What to work on: Transcribe each entry exactly; skip the images.

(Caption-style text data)
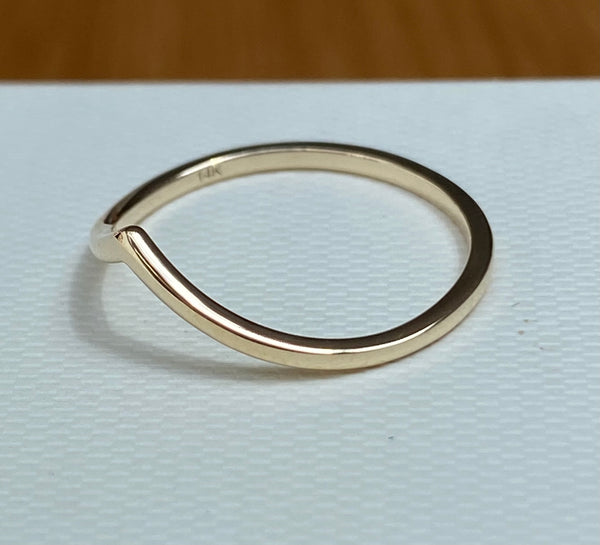 14ct Solid Gold Smooth V Ring Size 6 1.2mm Wide Stacking Ring by CTJ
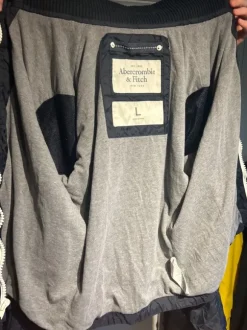 Abercrombie & Fitch vårjacka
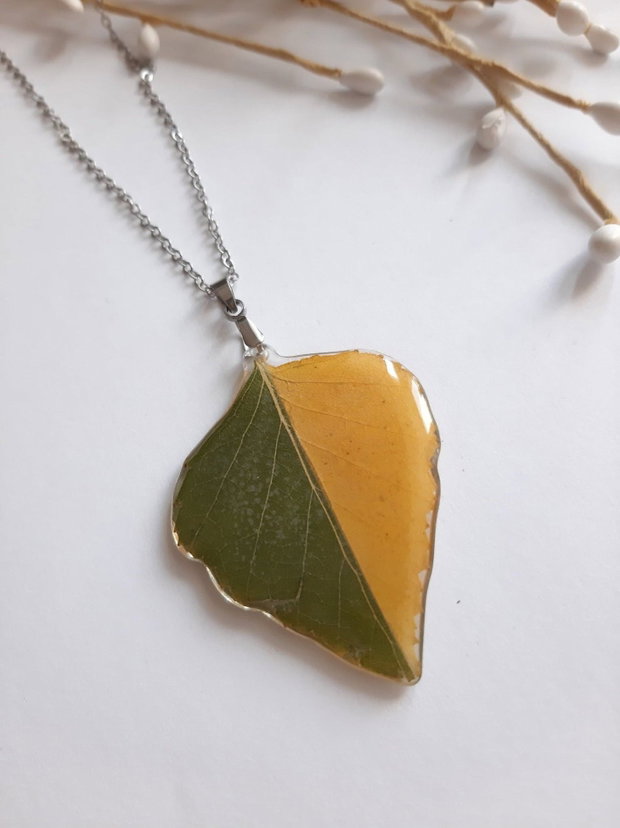 Colier handmade cu două frunze uscate naturale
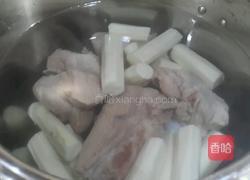 莲子淮山汤的做法图解3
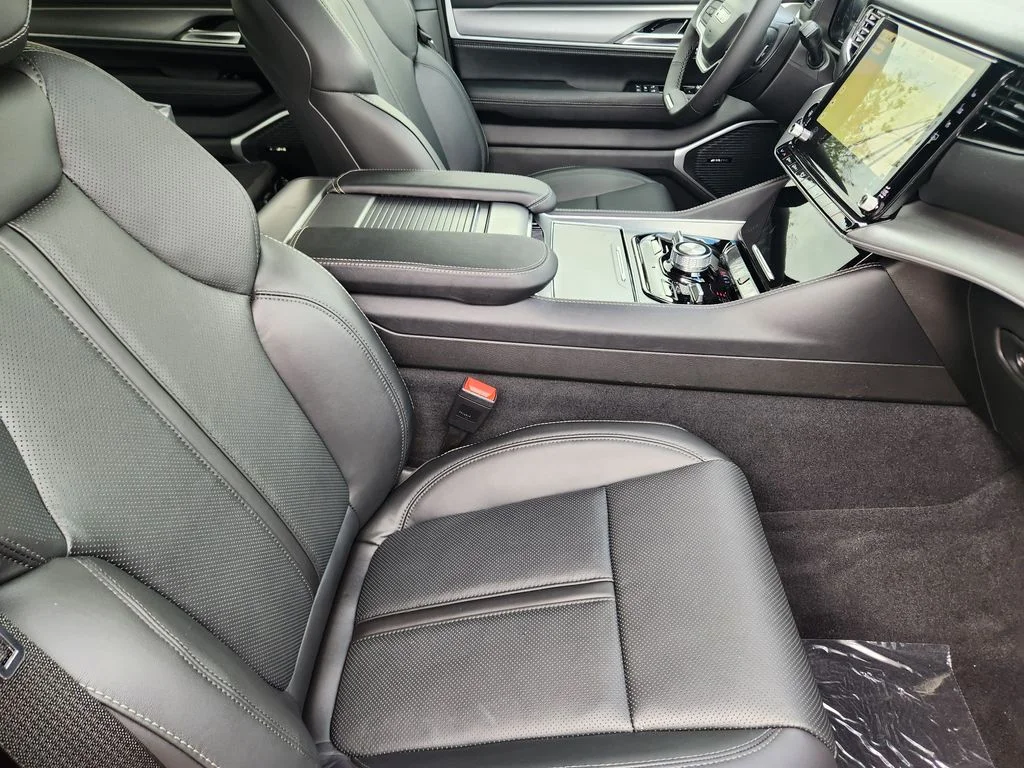 New 2026 High Gloss Black Jeep Upland image 9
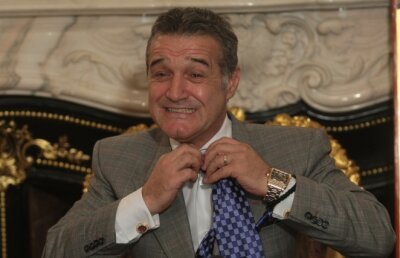 Gigi Becali se pregăteşte de sărbătoare: "Mă-mbăt cînd pleacă Rocha" :D
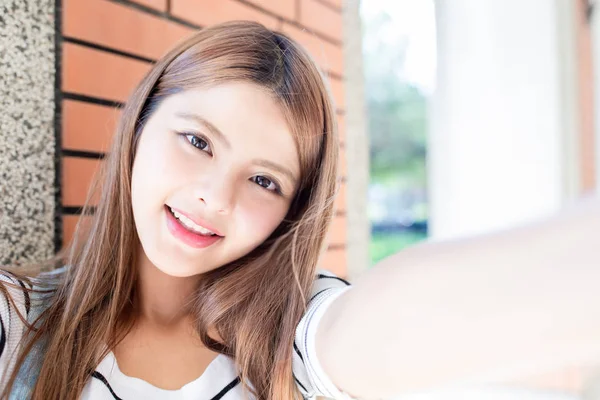 Asiatiska student Talk Selfie — Stockfoto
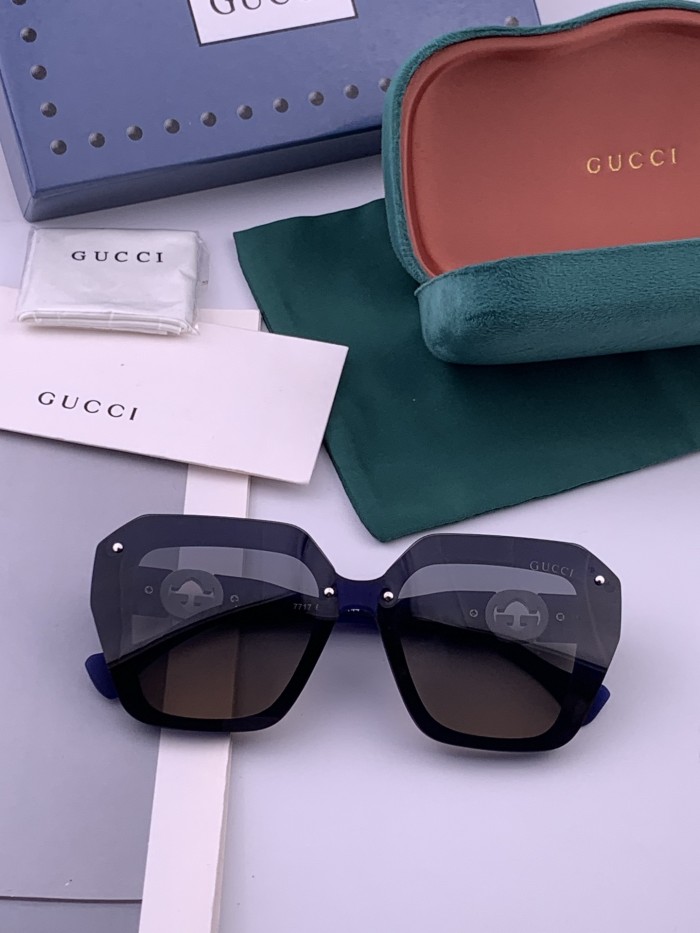 GUCCI SUNGLASSES-011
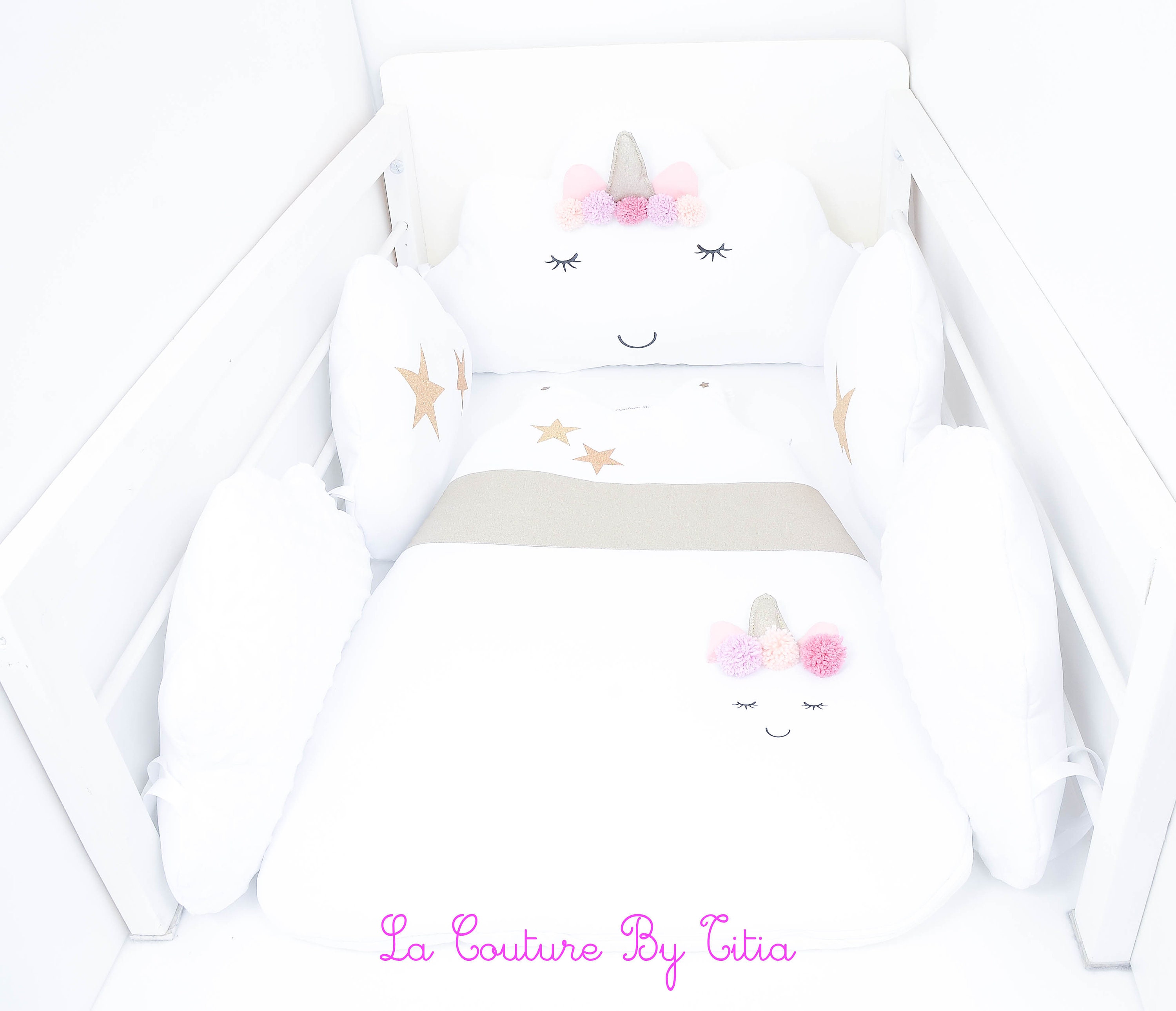 Tour de Lit Nuage Coussins Fait Main Minky Blanc et Licorne Or Rose avec Pompons @lacouturebytitia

Worked solution:
 14ct Solid Gold Smooth V Ring Size 6 1.2mm Wide Stacking Ring by CTJ
 Abercrombie & Fitch vårjacka
 Colier handmade cu două frunze uscate naturale
 莲子淮山汤的做法图解3
 New 2026 High Gloss Black Jeep Upland image 9
 Gigi Becali se pregăteşte de sărbătoare: "Mă-mbăt cînd pleacă Rocha" :D
 Asiatiska student Talk Selfie — Stockfoto
 GUCCI SUNGLASSES-011
 Tour de Lit Nuage Coussins Fait Main Minky Blanc et Licorne Or Rose avec Pompons @lacouturebytitia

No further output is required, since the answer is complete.